▶ _Available data_
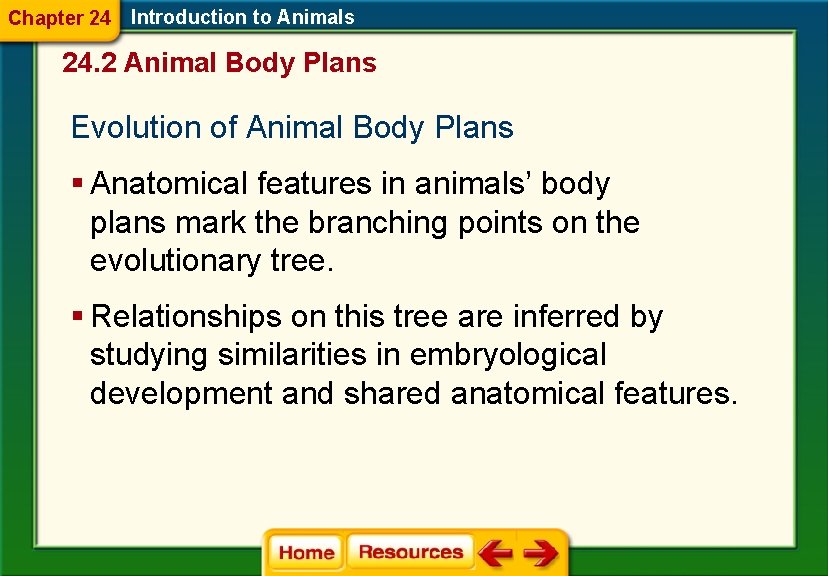 Chapter 24 Introduction to Animals 24. 2 Animal Body Plans Evolution of Animal Body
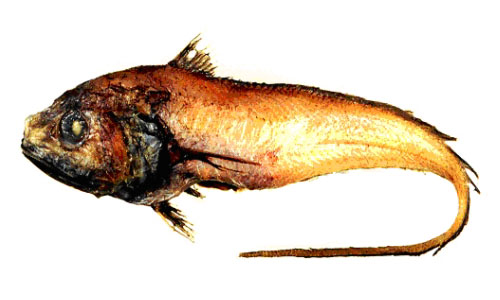 加氏底尾鳕(Bathygadus garretti)
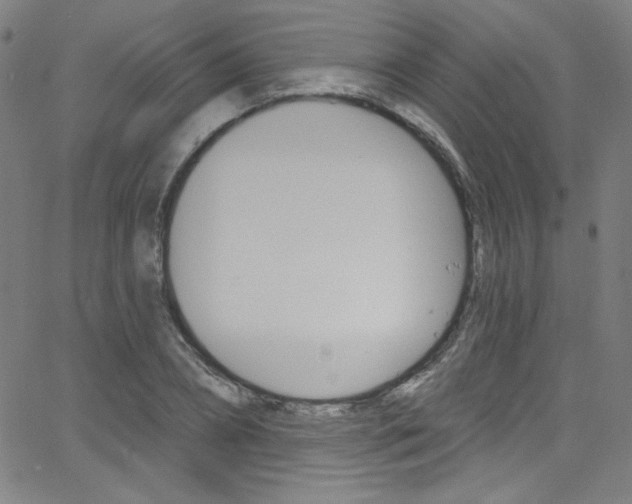 X0000068770882200604281015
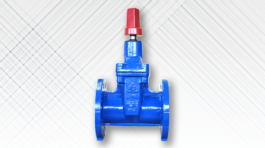 RSV Gate Valve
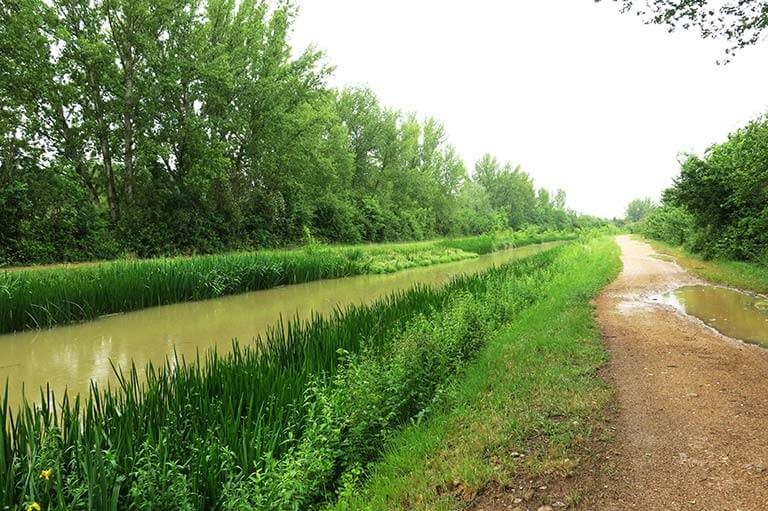 Canal de Castilla. Camino de sirga Esclusas 5 Canal del Norte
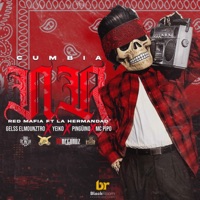 Cumbia NR (feat. Yeiko, Pingüino & MC Pipo) - Single - Gelss Elmounztro
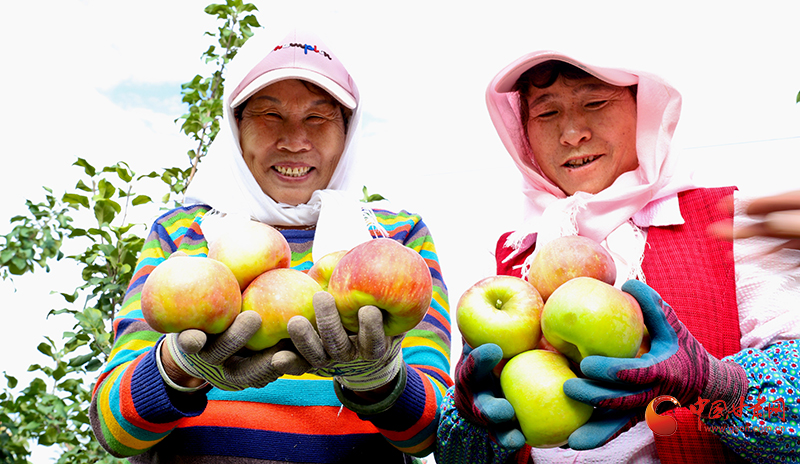 民樂：林果為媒 綠富同興
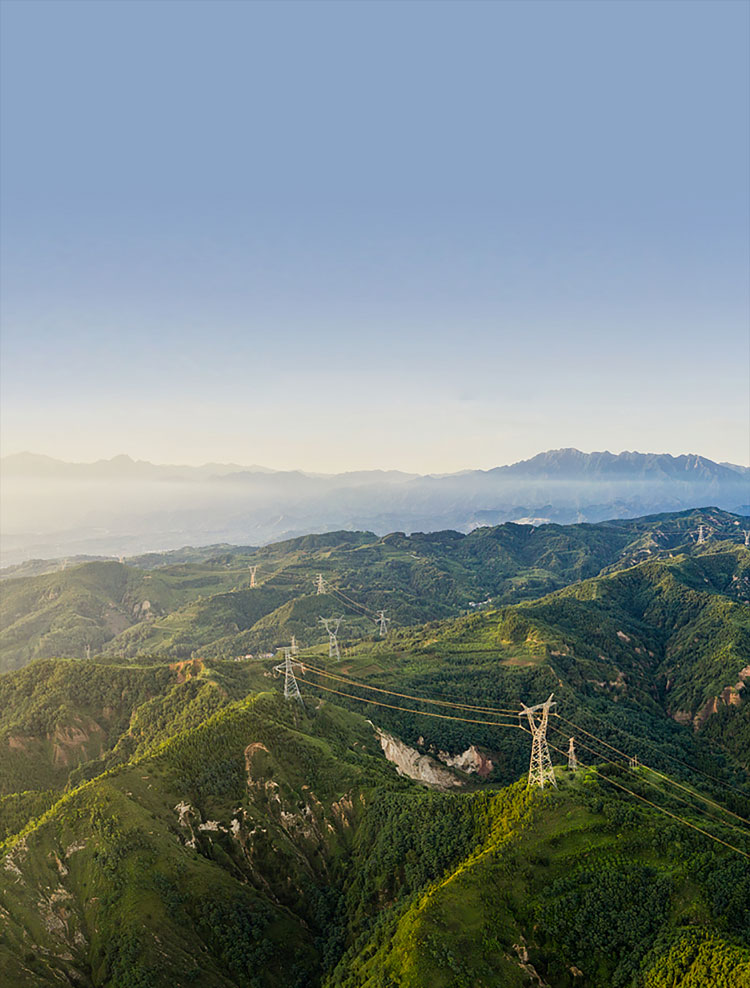 尊龙集团股份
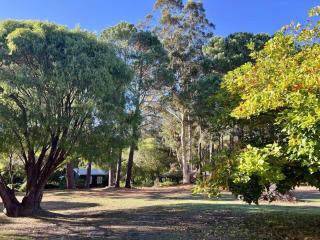 Beautiful nature retreat cottage for 2 guests - 3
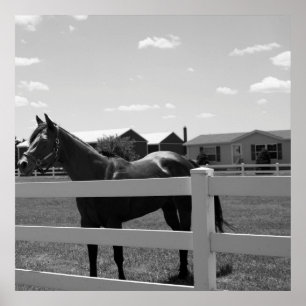 Affiche Photo Cheval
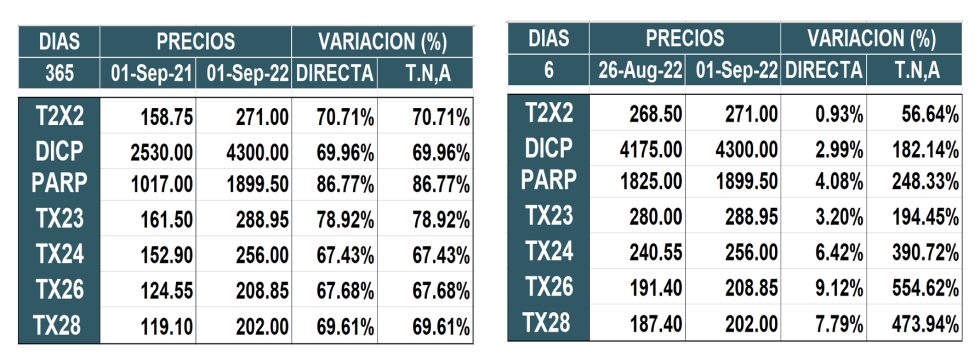 Bonos argentinos en pesos al 2 de septiembre 2022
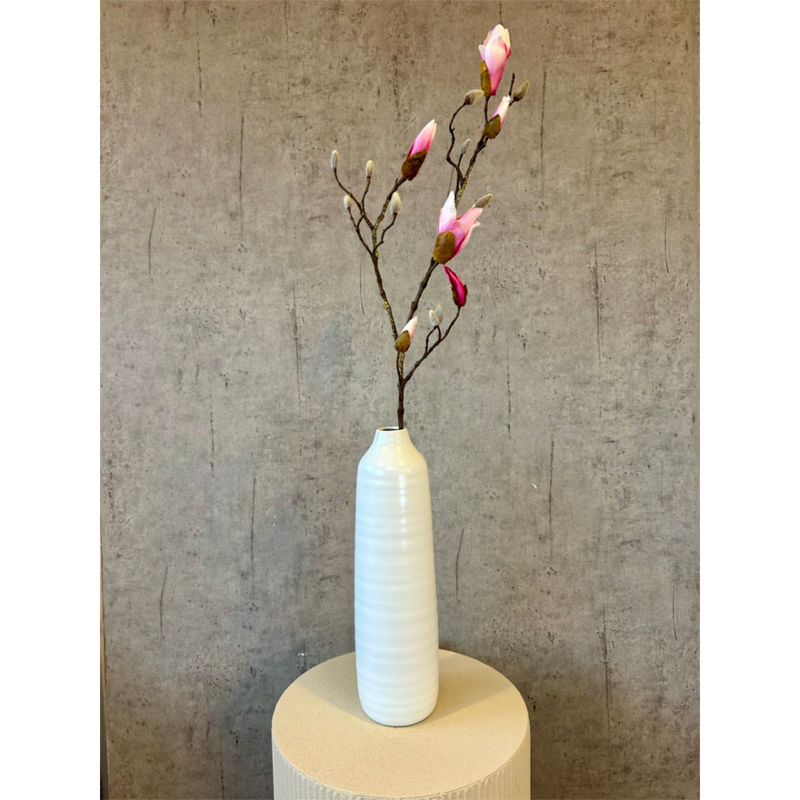 Gerviblóm Magnolia rós
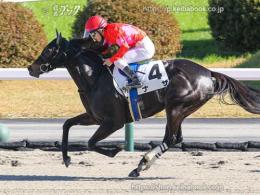 カラープリント(アルミ枠付き)2022年11月6日福島7R 3歳以上1勝クラス(ゴールB)(ナサ)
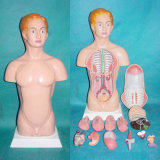 45cm American Human Torso Anatomic Model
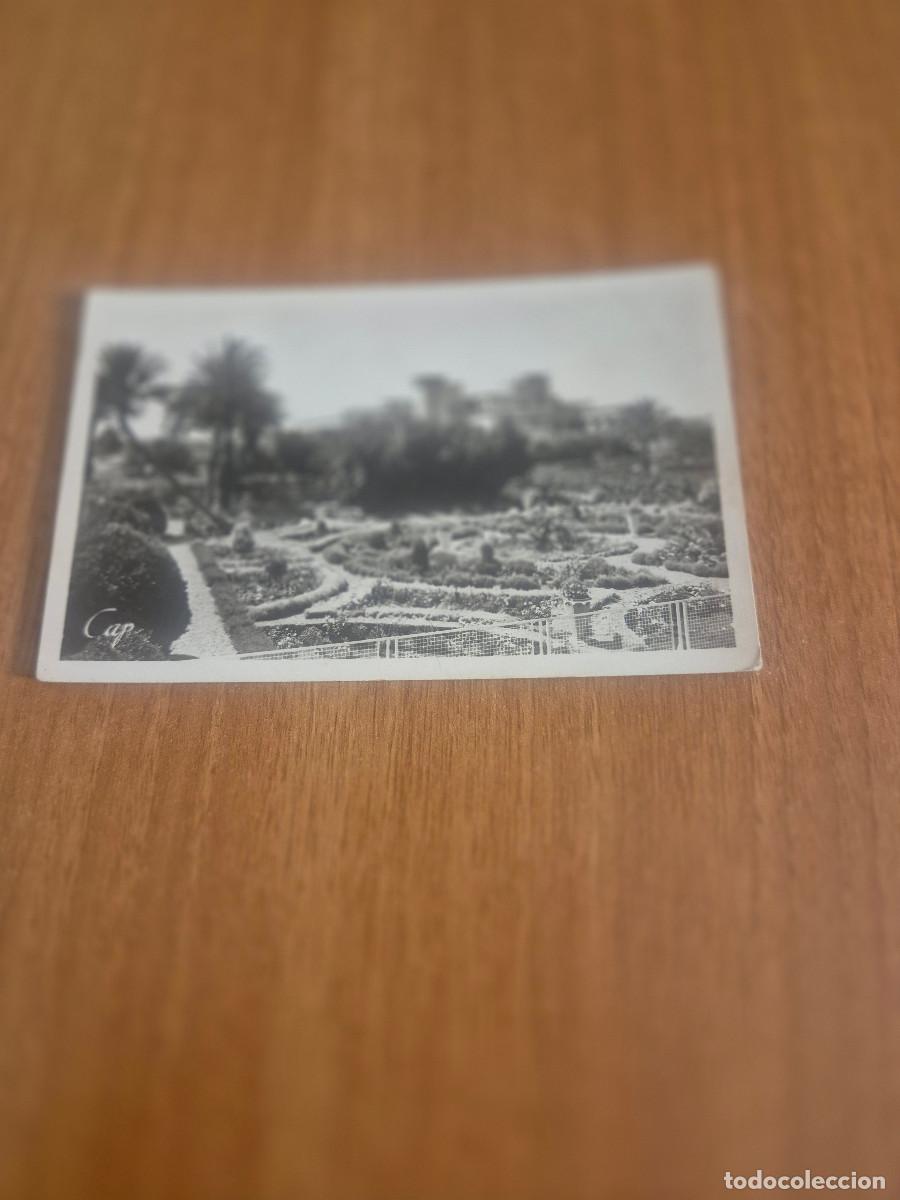 Postales: POSTAL, SIDI - BEL ABBES - LE NOUVELHOPITAL SIN CIRCULAR.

▶ _What the exercise asks_
Skip the pictures and quote each line of the entries above, from the first through the line with "Canal de Castilla.", exactly as it appears.

▶ _Exercise output_
 Chapter 24 Introduction to Animals 24. 2 Animal Body Plans Evolution of Animal Body
 加氏底尾鳕(Bathygadus garretti)
 X0000068770882200604281015
 RSV Gate Valve
 Canal de Castilla. Camino de sirga Esclusas 5 Canal del Norte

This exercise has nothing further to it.